This sample is deprecated and no longer maintained for the ZED SDK >= 2.X, please use this one instead
This sample shows how to track the motion of the camera in 3D space with six degrees of freedom (6DoF). The code included in this example captures and displays a live point cloud of the scene along with 3D camera path.
- First, download the latest version of the ZED SDK on stereolabs.com.
- For more information, read the ZED API documentation.
- Windows 7 64bits or later, Ubuntu 16.04
- ZED SDK and its dependencies (CUDA, OpenCV 3.1)
- GLEW and FreeGLUT for OpenGL visualization
Download the sample and follow these instructions:
- Create a folder called "build" in the source folder
- Open cmake-gui and select the source and build folders
- Generate the Visual Studio
Win64
solution - Open the resulting solution and change the solution configuration to
Release
- Build solution
Open a terminal and run the following command to clone and build the sample:
git clone https://github.com/stereolabs/zed-tracking-viewer.git
cd zed-tracking-viewer
mkdir build
cd build
cmake ..
make
-
Navigate to the build directory and launch the executable file
-
Or open a terminal in the build directory and run the sample :
./ZED\ Tracking\ Viewer [path to SVO file]

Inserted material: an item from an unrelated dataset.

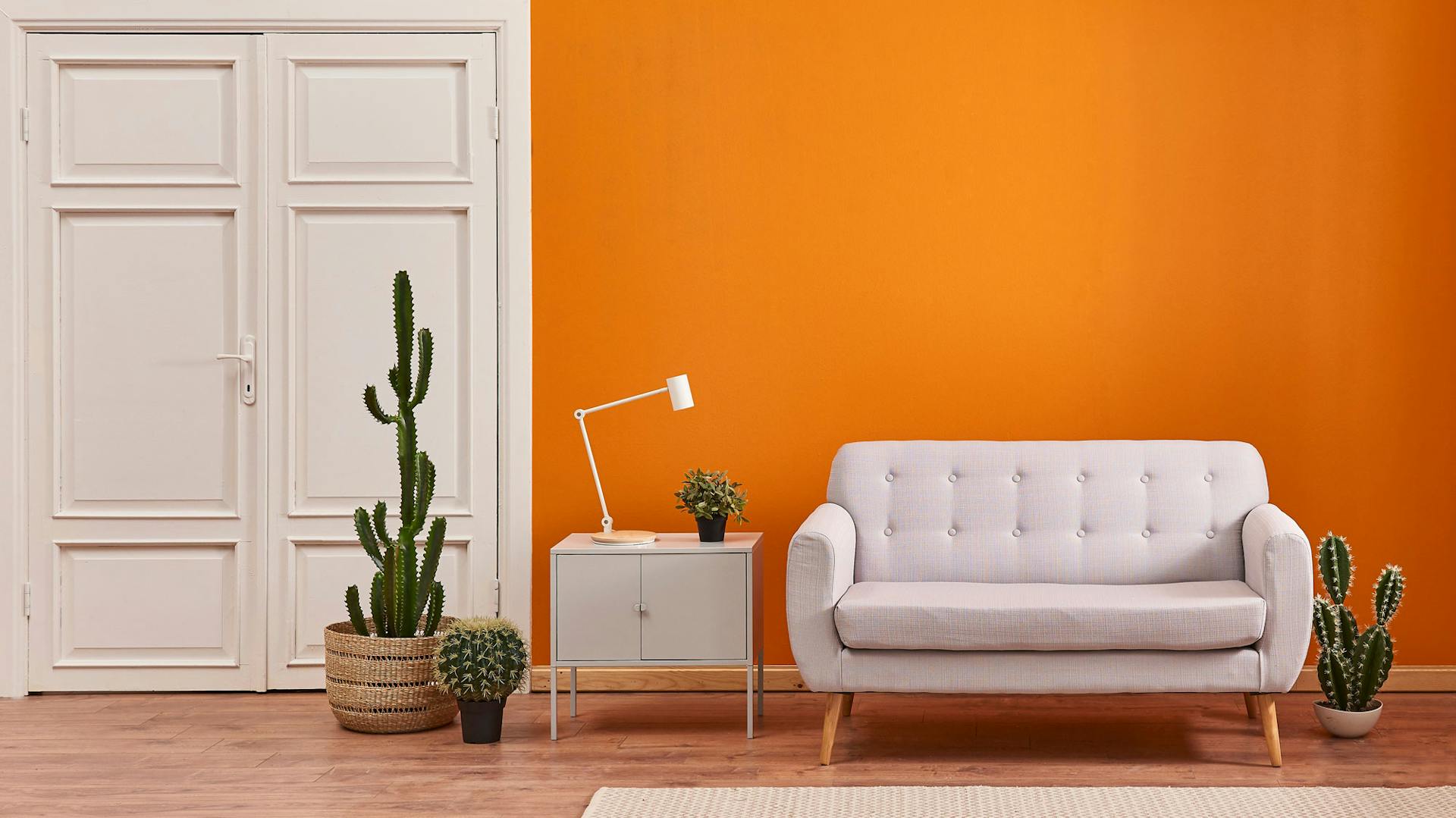 Im Wohnzimmer steht ein Sofa vor einer orangefarbenen Wand, daneben Kakteen und ein Beistelltisch.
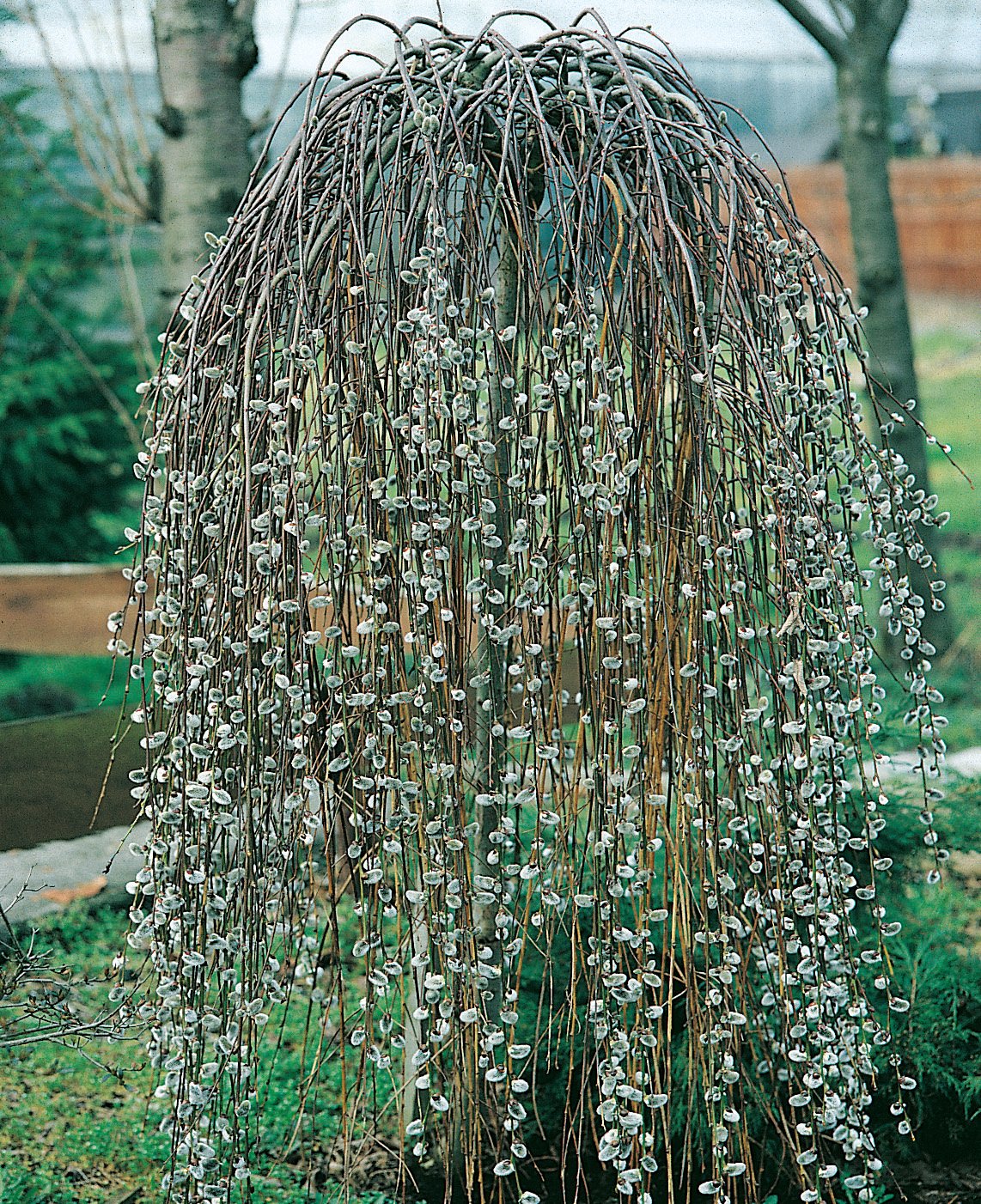 Salix caprea 'Kilmarnock', Sh 100-120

You can optionally provide an SVO file path (recorded stereo video of the ZED)
This sample shows how to capture and display the current scene depth and 3D camera movement:
- Left image and depth map are captured and displayed
- Depth is displayed as a 3D point cloud
- 3D camera tracking is displayed as a continuous 3D path
NOTE: Camera tracking is based on 3D vision only. Quick and sudden camera movements can be difficult to track if the image is blurry or there is no visual information in the scene. To improve tracking performance, we recommend using the ZED in HD720 mode at 60fps.
- For simplicity's sake, this sample uses GPU->CPU data transfer to retrieve and display the images. For optimal performance, use a direct device to device copy of the ZED SDK GPU buffer to OpenGL buffer, rather than using the CPU as an intermediate.
- To improve performance on Jetson TK1 and TX1, we recommend disabling OpenCV and OpenGL display windows and logging tracking data.